Laura Macky Photography

Journey of a body on this earth


Discovering the Art

Ever since I visited The Accademia in Florence where I saw Michelangelo’s “The David” along with other sculptures of his, I’ve always been reminded of a powerful quote by that amazing artist which is:  “Every block of stone has a statue inside it and it is the task of the sculptor to discover it.”

While I’m not a sculptor, I think of this quote almost every time before I delete an image off my computer and declare it unusable.  Maybe it looks too dark or is not properly exposed or maybe it just looks lifeless.  Sometimes there is art inside even if it doesn’t seem like it, but how do we reveal it???

The number one reason I’m able to “save an image” or actually “reveal what is hiding in the image” is that I always shoot in RAW.  Shooting in raw gives me a lot more information to work with in post processing and is the number one reason I can work with a photo and create so many different effects.  But honestly, I wouldn’t let that dissuade you if you don’t have a fancy camera.  Even shooting with the iPhone can prove to be an artistic mini journey with all the apps that are out there.  (If you want, you can check out my Instagram for all my iPhone photography which are all taken and edited on the iPhone.  No photoshop involved.)

Basically if I took a picture of something, I wanted to take that picture for a reason whether it be the color, light, sky, details, strong composition, reflection, etc.  So when viewing one of these seemingly bland images on my computer, I consciously ask myself what attracted me to the scene?  It’s usually not just an overall appeal…there is usually a component (or components) that compelled me to take the picture in the first place; therefore, those are the components I try to bring out in the editing process.

Ahh…the unique greenish-blueish luminescence of the church….the early evening glow in the sky….the light on the buildings, the details of the windows, the green grass lining the lake, the reflection….there is an image wanting to be seen and felt.  It just needs to be coaxed out sometimes.

(p.s. – I inadvertently deleted the original otherwise I would’ve pasted it here as well.  It was contrasty and a bit dark…I’m laughing!  I usually have the original in my PSD file.  Maybe I need ANOTHER post on not deleting things.  LOL!!!!)

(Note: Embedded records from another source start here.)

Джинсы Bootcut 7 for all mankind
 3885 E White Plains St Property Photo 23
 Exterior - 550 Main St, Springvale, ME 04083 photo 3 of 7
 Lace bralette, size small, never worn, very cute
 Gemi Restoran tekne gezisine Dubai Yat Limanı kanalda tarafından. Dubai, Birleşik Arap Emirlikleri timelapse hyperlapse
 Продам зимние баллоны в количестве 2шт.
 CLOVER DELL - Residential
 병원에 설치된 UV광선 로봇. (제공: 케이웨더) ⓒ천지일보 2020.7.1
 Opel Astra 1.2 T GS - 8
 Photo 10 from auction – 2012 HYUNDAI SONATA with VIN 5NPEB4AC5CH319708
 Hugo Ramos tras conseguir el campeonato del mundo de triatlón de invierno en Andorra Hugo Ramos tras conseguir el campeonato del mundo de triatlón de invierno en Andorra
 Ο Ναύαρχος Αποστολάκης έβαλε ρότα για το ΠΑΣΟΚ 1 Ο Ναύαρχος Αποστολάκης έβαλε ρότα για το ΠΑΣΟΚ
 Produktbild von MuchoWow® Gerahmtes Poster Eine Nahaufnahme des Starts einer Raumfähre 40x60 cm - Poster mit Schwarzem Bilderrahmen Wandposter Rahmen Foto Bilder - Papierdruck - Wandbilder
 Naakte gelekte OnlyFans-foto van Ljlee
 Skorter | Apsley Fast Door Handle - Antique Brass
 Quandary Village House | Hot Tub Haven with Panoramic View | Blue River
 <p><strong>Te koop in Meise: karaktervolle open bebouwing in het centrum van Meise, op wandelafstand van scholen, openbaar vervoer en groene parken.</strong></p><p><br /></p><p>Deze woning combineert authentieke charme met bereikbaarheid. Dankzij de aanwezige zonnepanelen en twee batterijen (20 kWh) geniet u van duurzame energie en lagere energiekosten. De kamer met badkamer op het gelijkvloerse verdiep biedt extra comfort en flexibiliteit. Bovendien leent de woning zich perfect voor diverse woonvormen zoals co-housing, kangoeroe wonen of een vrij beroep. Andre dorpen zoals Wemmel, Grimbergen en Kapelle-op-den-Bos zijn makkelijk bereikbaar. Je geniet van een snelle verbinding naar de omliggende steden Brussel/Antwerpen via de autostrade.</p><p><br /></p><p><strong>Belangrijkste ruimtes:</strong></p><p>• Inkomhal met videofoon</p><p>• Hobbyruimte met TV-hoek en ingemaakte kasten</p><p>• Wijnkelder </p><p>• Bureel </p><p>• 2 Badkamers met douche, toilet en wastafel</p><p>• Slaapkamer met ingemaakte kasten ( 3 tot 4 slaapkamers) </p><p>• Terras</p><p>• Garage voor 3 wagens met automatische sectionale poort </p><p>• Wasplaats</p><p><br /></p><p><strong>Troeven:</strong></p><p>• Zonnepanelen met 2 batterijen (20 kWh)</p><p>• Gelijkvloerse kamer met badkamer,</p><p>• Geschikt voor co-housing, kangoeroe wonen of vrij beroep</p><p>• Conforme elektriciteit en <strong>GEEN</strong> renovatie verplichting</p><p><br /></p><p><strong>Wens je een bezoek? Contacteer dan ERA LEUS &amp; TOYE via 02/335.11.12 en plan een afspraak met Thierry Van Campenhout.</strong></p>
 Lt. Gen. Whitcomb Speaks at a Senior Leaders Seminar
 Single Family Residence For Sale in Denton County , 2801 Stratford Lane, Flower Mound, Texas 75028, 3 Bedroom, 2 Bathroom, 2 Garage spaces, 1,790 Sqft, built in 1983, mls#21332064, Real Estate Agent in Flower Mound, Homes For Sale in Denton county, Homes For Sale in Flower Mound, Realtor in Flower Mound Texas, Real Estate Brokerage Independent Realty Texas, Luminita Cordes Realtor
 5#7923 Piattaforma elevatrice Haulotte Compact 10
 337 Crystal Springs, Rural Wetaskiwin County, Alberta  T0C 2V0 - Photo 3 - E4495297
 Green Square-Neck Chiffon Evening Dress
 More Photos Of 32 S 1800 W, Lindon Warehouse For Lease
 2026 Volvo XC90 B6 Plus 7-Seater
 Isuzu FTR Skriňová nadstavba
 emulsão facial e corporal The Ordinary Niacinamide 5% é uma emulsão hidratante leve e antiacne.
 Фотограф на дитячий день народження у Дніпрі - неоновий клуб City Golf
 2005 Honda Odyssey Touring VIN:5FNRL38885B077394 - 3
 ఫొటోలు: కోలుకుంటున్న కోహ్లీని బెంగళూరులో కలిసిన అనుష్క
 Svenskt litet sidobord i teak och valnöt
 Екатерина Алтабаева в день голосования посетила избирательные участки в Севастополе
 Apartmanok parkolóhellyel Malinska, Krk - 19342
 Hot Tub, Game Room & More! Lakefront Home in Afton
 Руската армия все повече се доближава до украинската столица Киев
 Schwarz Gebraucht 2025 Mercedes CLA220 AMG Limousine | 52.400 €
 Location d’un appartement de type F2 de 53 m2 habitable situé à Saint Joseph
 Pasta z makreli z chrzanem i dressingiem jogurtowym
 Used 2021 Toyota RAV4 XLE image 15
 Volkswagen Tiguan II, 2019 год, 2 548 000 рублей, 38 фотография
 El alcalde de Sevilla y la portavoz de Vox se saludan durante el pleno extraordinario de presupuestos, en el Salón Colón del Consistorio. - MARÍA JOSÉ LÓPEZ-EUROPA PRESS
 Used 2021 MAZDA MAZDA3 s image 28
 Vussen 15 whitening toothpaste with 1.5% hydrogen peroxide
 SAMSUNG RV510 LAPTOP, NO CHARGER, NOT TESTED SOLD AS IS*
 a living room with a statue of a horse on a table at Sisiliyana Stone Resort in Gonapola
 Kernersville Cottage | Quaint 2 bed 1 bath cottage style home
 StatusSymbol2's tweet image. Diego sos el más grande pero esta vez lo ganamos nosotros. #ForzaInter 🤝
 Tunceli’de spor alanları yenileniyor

Lake Merritt with the Crow Canyon Clickers


A bit on panoramas…

Sorry….I know I posted earlier but I’m excited!

I’m excited because tomorrow afternoon I’m taking my camera club for a tour in a beautiful church.  I’ve taken a couple pictures there before and wondered how I could present a new look that would be different from my previous shots.  Enter idea:  Panorama!

While mostly panoramas are thought of for landscapes, I’ve been reading up on panoramas used for architecture so that’s what I plan on doing tomorrow.  Let’s pray it works out!  Hmm…well I’ll be in a church so praying would be so perfect, right???  🙂

To prepare for my momentous occasion, I tested it out today with the landscape shot below.  While I know it’s different for architecture, I wanted to make sure I knew the best camera settings and how to stitch them together in photoshop.  I know Lightroom does this and I tested it out there.  While it’s ok, I preferred to open my layers in photoshop and create the panorama from there.  In this way I could create a smart object and go back and redo something if it didn’t work out.

It was fun to get myself situated so that I know what I’m doing tomorrow somewhat.  I can’t wait to find out how it goes.  I plan on taking some regular shots just in case lol.

And naturally this image has my own twist to it with its colorization.  🙂

Panorama Test

Panorama Test



Expanding Horizons – Size Contrast

One of the types of contrasts I’ve been focusing on lately is contrast in size of elements within the frame.  Notice how huge the cloud is and notice the inclusion of smaller elements like trees and ponds in the frame.  This contrast in size provides interest to the eye and conveys “majesty” or “awe” in an image.  (Or at least attempts to lol.)

If I were to photograph the large cloud only, against a hill with no trees for example, it most likely wouldn’t be as interesting as showing it with smaller elements because you wouldn’t fully appreciate the cloud’s magnitude.  You might’ve noticed size contrast in my last post of Drakes Beach in which the tiny people were shown against the huge sheared cliff shoreline.

I hope you enjoy the image and found the post helpful!  Have a wonderful Thursday!